**Brief**
With the pictures left out, write out exactly the lines of the listing below that run from the line with "Number two: give" through the line with "Let's see the".

**Available data**
=-=-=-=-=

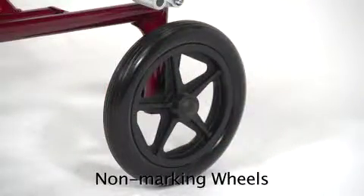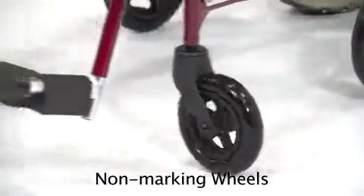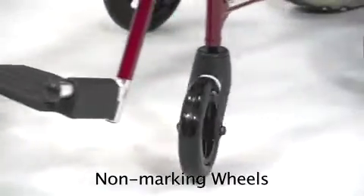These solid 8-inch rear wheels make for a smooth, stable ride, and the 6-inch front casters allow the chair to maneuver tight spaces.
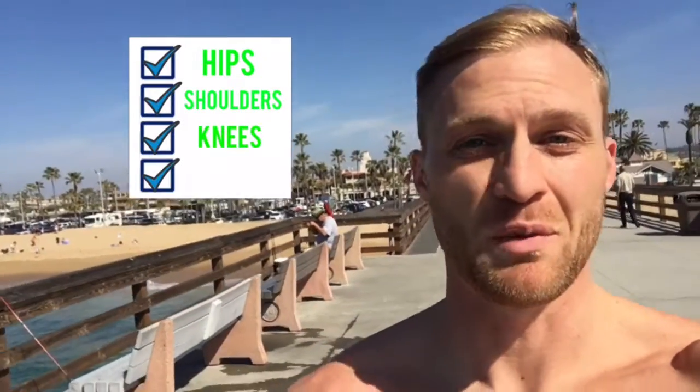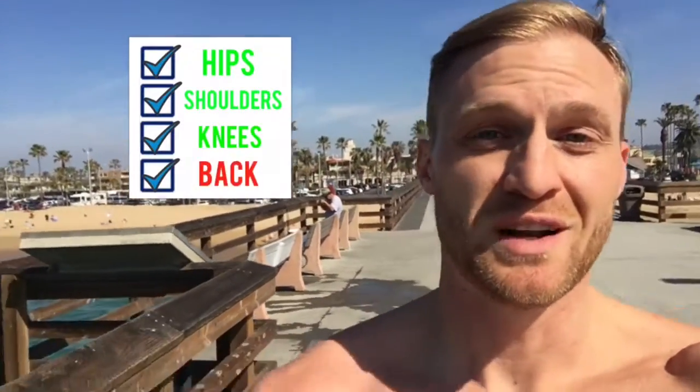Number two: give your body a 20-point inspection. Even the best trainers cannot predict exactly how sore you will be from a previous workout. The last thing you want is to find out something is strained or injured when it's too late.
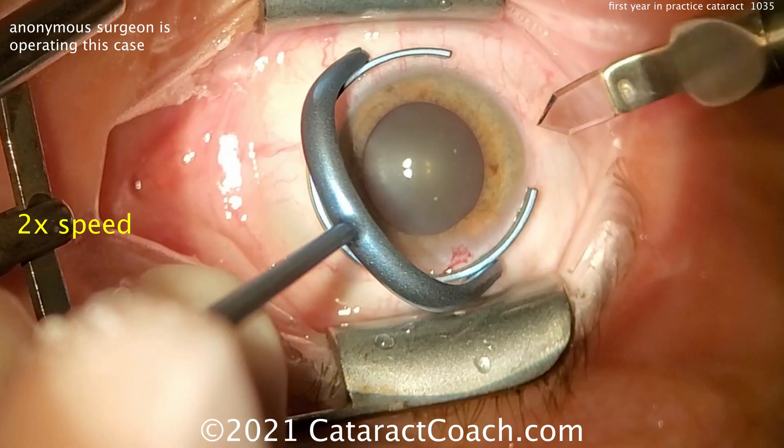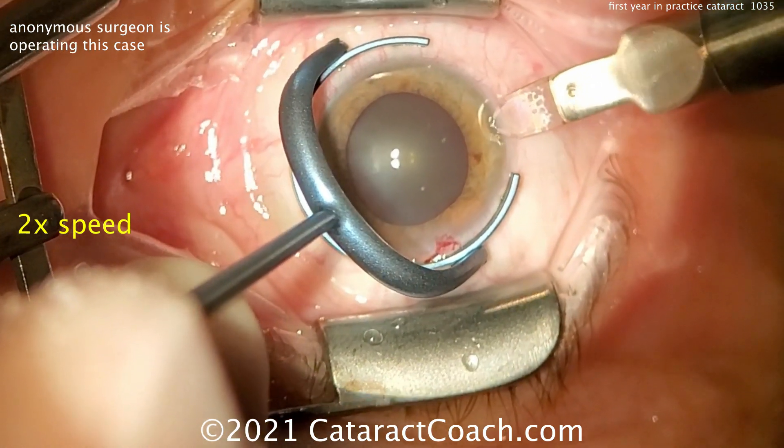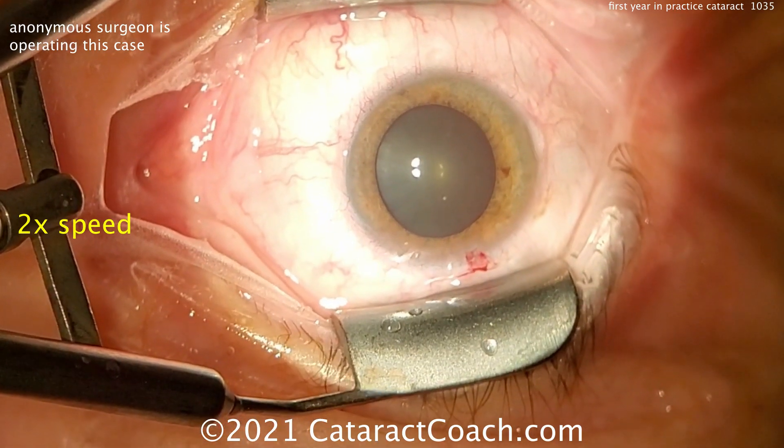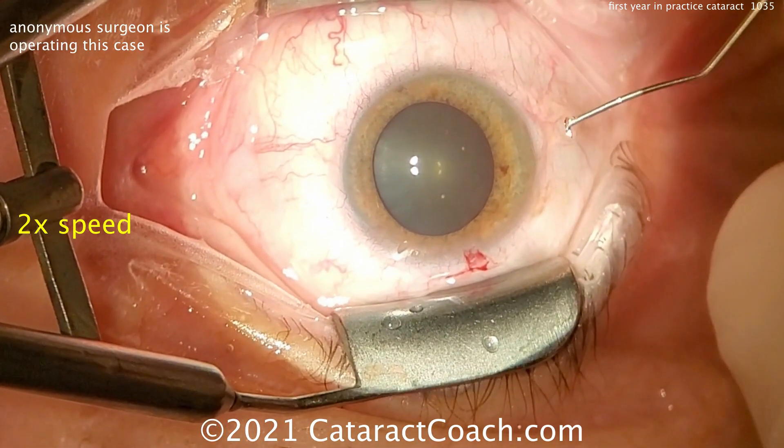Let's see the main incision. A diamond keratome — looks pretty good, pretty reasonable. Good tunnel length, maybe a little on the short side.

=-=-=-=-=

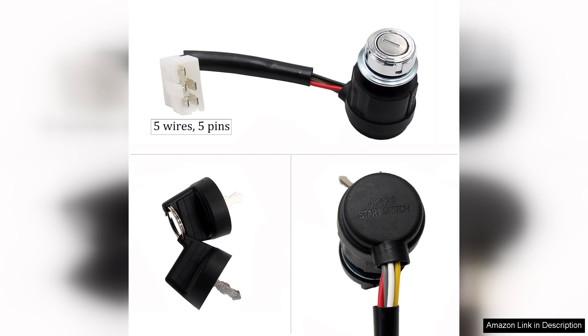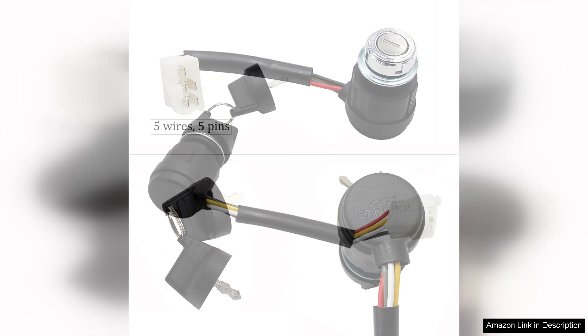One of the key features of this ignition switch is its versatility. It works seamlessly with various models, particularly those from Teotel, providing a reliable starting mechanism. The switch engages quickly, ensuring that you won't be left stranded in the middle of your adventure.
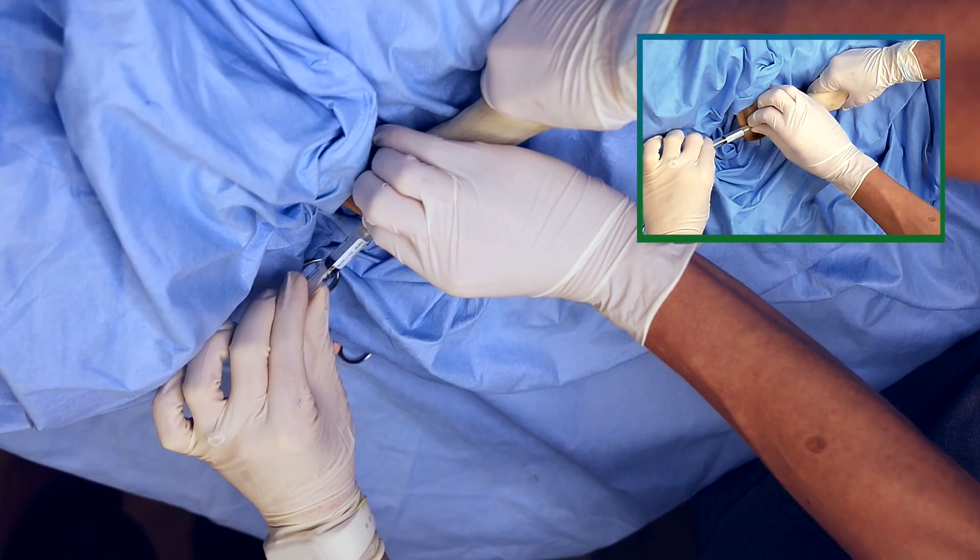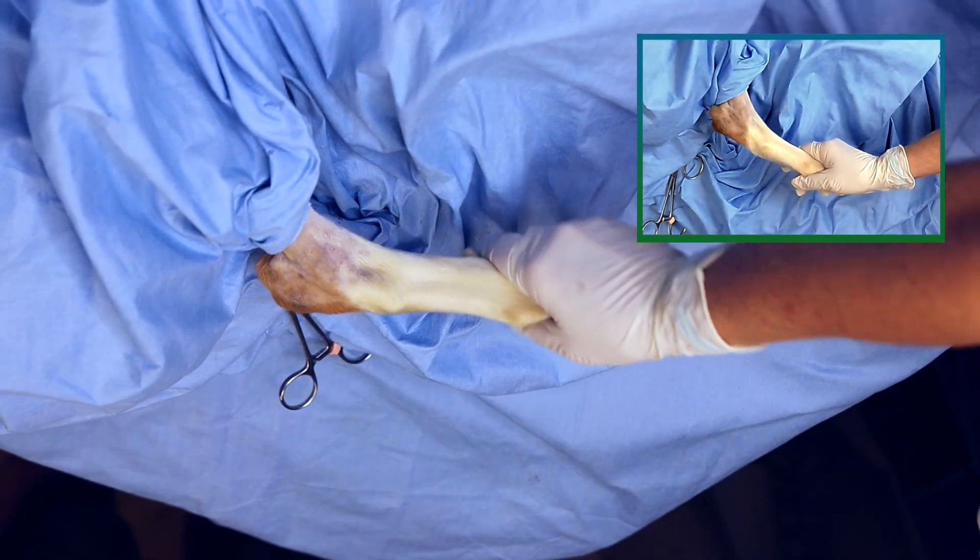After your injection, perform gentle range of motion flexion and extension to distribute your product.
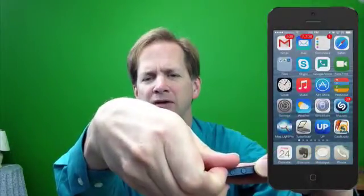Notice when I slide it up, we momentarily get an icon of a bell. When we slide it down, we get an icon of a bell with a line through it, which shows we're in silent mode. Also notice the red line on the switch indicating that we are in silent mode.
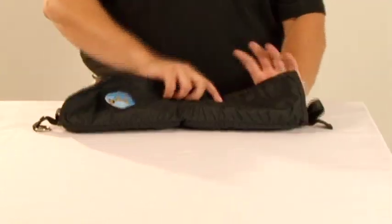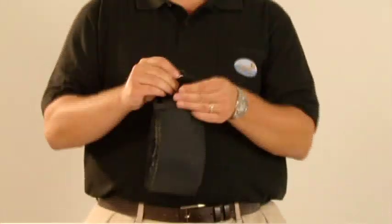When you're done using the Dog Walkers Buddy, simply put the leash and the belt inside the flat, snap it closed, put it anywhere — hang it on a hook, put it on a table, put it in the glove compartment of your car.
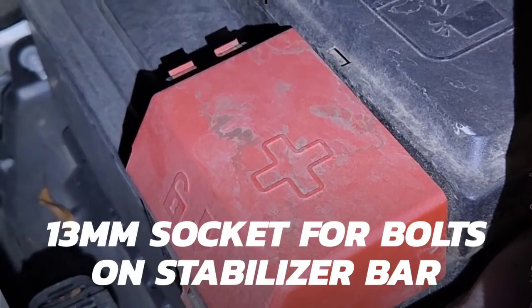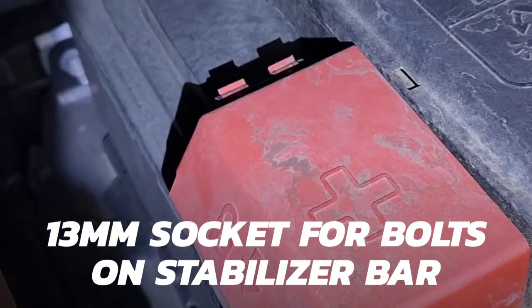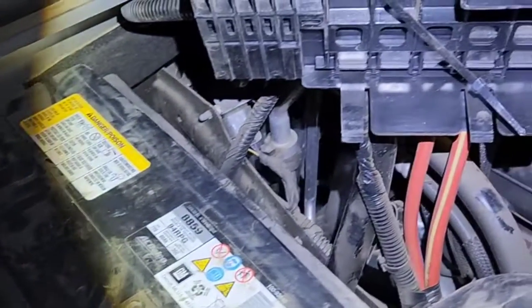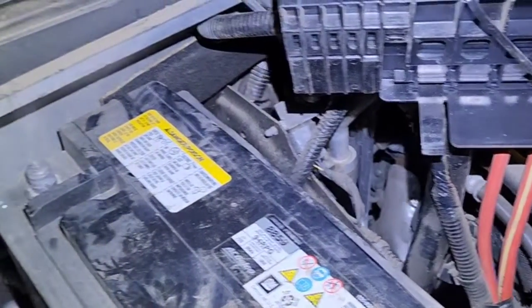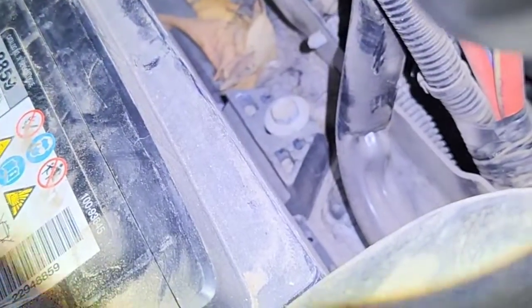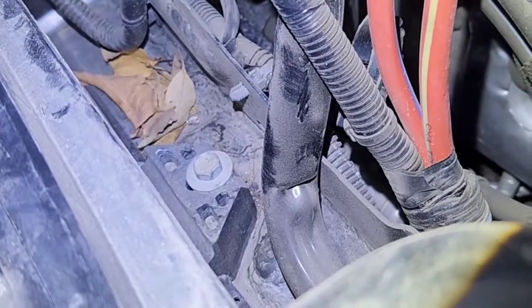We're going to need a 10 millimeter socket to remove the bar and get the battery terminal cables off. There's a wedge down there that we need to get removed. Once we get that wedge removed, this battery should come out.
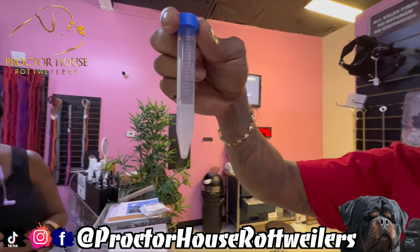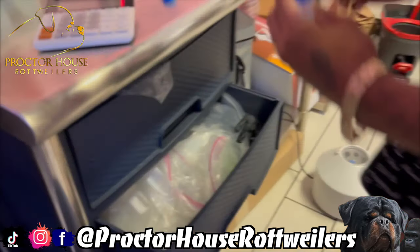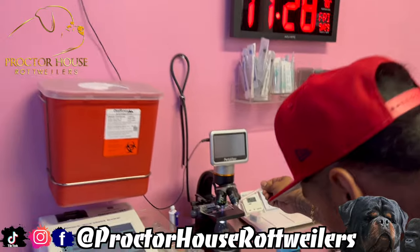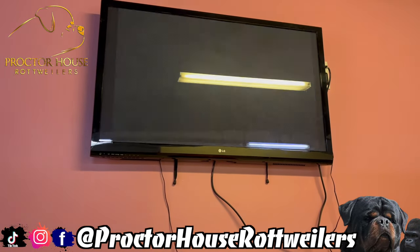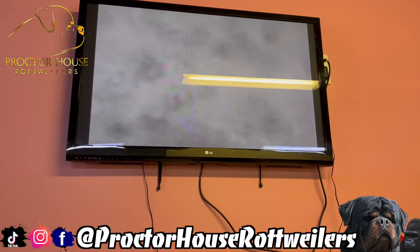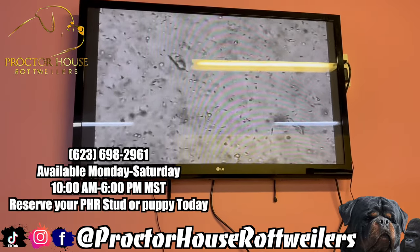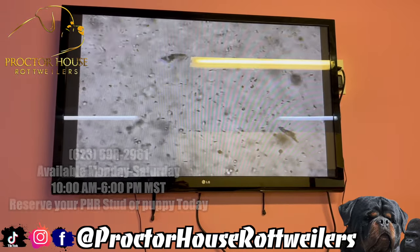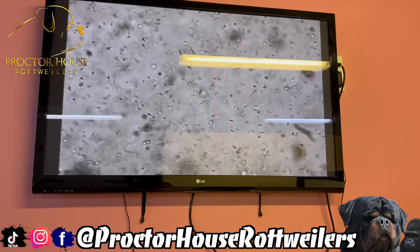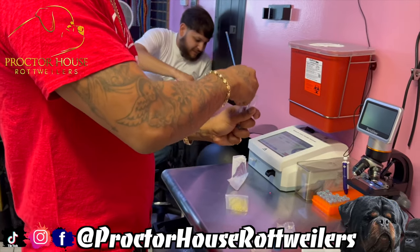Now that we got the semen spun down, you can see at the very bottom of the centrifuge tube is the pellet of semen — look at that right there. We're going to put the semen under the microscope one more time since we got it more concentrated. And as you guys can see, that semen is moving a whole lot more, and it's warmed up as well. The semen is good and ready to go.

=-=-=-=-=

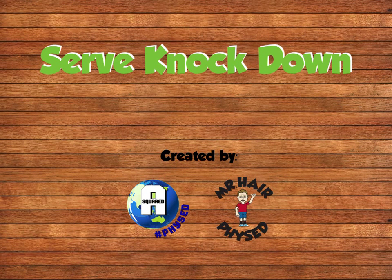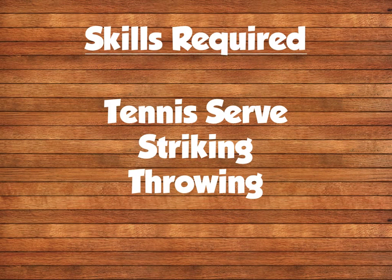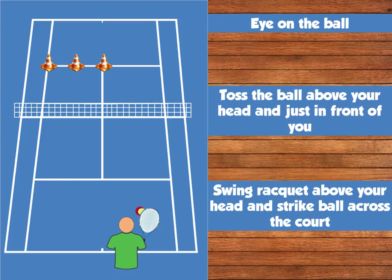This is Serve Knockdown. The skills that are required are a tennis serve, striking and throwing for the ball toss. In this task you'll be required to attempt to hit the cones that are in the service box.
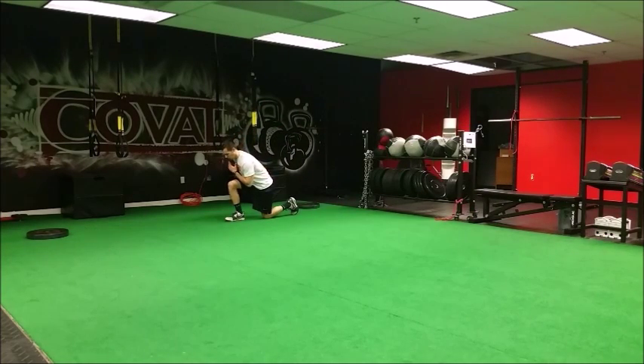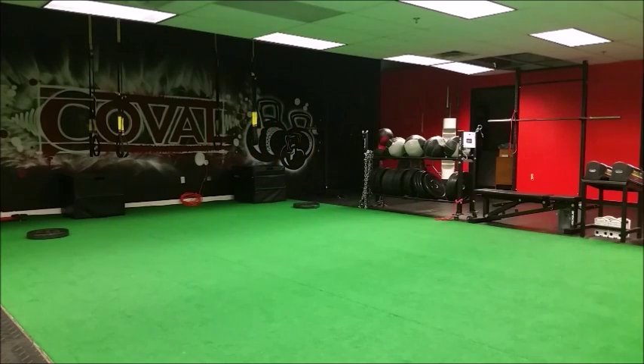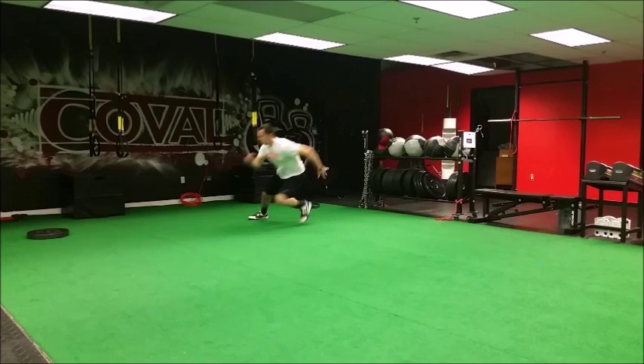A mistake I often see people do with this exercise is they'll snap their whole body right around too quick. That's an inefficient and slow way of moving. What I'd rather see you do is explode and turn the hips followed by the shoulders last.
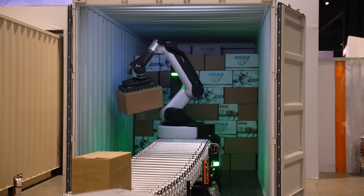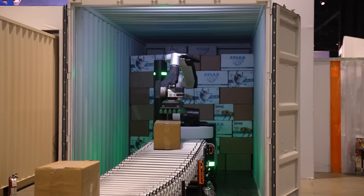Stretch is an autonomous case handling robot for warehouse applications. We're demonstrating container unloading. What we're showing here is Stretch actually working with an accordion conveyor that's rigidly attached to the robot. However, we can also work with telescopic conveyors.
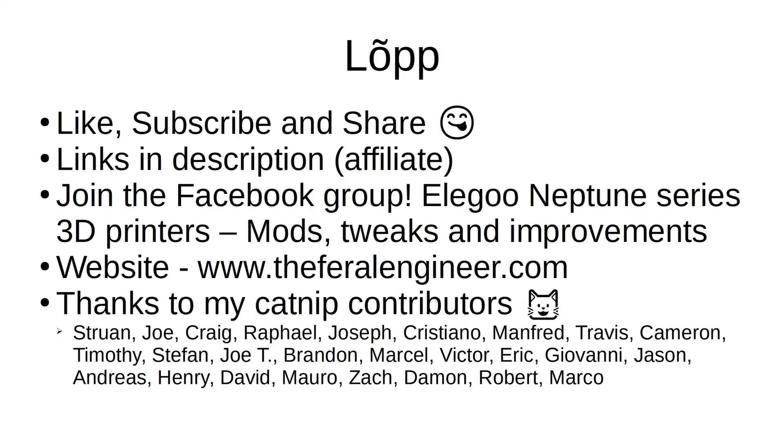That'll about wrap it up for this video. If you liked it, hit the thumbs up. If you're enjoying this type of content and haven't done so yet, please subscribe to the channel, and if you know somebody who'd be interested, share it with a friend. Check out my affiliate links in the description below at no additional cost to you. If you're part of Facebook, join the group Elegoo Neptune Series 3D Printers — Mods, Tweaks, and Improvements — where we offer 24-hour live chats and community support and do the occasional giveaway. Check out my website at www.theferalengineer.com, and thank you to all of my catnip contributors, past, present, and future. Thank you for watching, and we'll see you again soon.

=-=-=-=-=

**Result of this exercise**
Number two: give your body a 20-point inspection. Even the best trainers cannot predict exactly how sore you will be from a previous workout. The last thing you want is to find out something is strained or injured when it's too late.
Let's see the main incision. A diamond keratome — looks pretty good, pretty reasonable. Good tunnel length, maybe a little on the short side.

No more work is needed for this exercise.